Route information
- Length: 140 mi (230 km)

Major junctions
- West end: Arusha
- Moshi Holili Taveta
- East end: Voi

Location
- Country: Tanzania

Highway system
- Transport in Tanzania;

= Arusha–Holili–Taveta–Voi Road =

Road in Kenya

Arusha–Holili–Taveta–Voi Road (A23) is a road in Tanzania and Kenya, connecting the towns of Arusha, Moshi, and Holili in Tanzania with Taveta and Voi in Kenya.

==Location==
The western end of the A23 road is in Arusha, Tanzania at its junction with the A104 road. The A23 road connects eastward with Moshi and the border town of Holili.
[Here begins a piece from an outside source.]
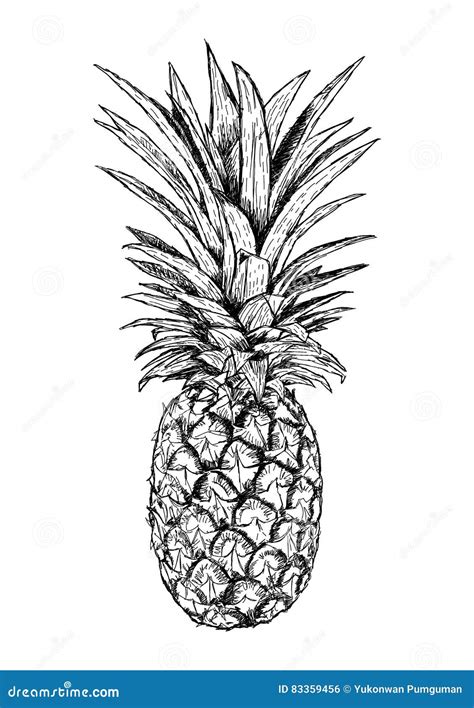 Hand Drawn Illustration Of Pineapple Realistic Sketch Of Fruit Stock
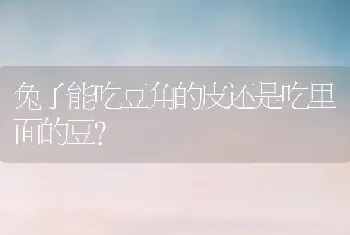 兔子能吃豆角的皮还是吃里面的豆？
Further east in Kenya, the A23 road connects with Taveta and has its eastern terminus in Voi at the intersection with the A109 Nairobi–Mombasa Road. The A23 road from end to end measures approximately 230 km.
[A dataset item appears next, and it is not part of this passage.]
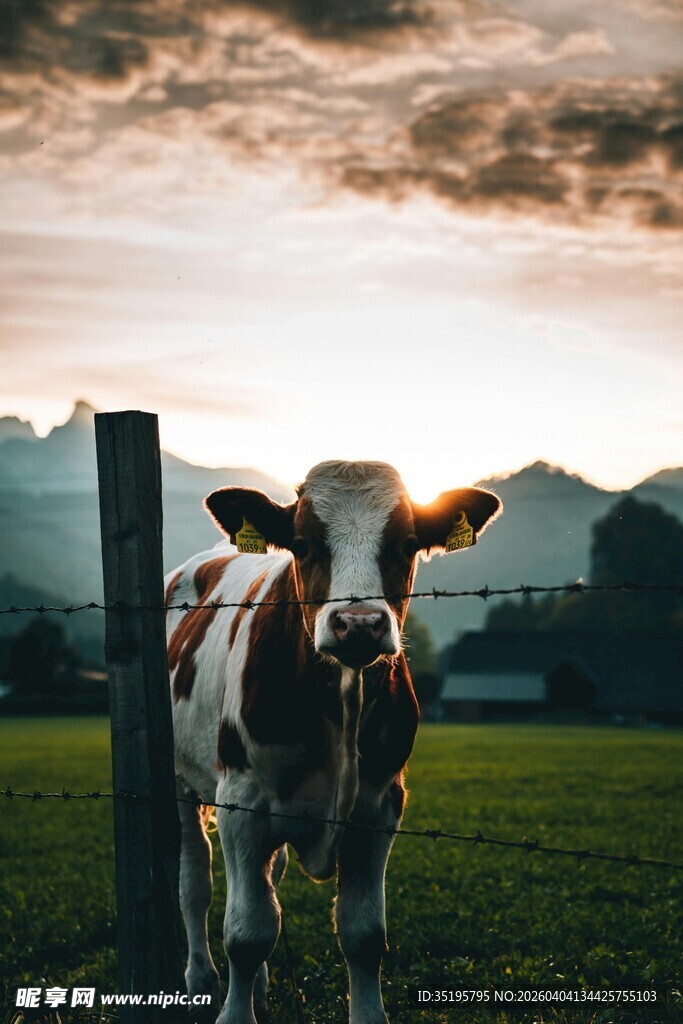 田园中可爱的奶牛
==Upgrades and reconstruction==
The A23 road forms an important link in the Voi–Dodoma / Singida corridor (consisting of the A23, A104, B141, and B143 roads).

The African Development Bank is lending US$232.5 million towards upgrading the A23 road, constituting 89.1 percent of the budgeted total cost. Kenya is contributing US$15.6 million, while Tanzania is contributing US$12.3 million.

Construction of the A23 double carriage way between Arusha and Tengeru, Tanzania began in July 2013. The contractor is Hanil-Jiangsu JV, a South Korean construction company, The Cheil Engineering Company, also from South Korea, is the consulting engineer. Phase 2 of the project includes the upgrade to double carriage way of the road between Tengeru and Usa River, Tanzania. This work should be completed by December 2018. Reconstructing the two-lane road connecting Usa River, Moshi, and Holili was part of Phase 2 originally. A lack of funds, however, means that the reconstruction "is not in the immediate implementation plan" except that realigning the approaches to the Kikafu River bridge is still planned. The design for a replacement bridge has been completed.

Work on the Kenyan side of the A23 road commenced in May 2014, with Tanzanian President Jakaya Kikwete and Kenyan President Uhuru Kenyatta officially launching the project in September 2015. Completion was scheduled for May 2017.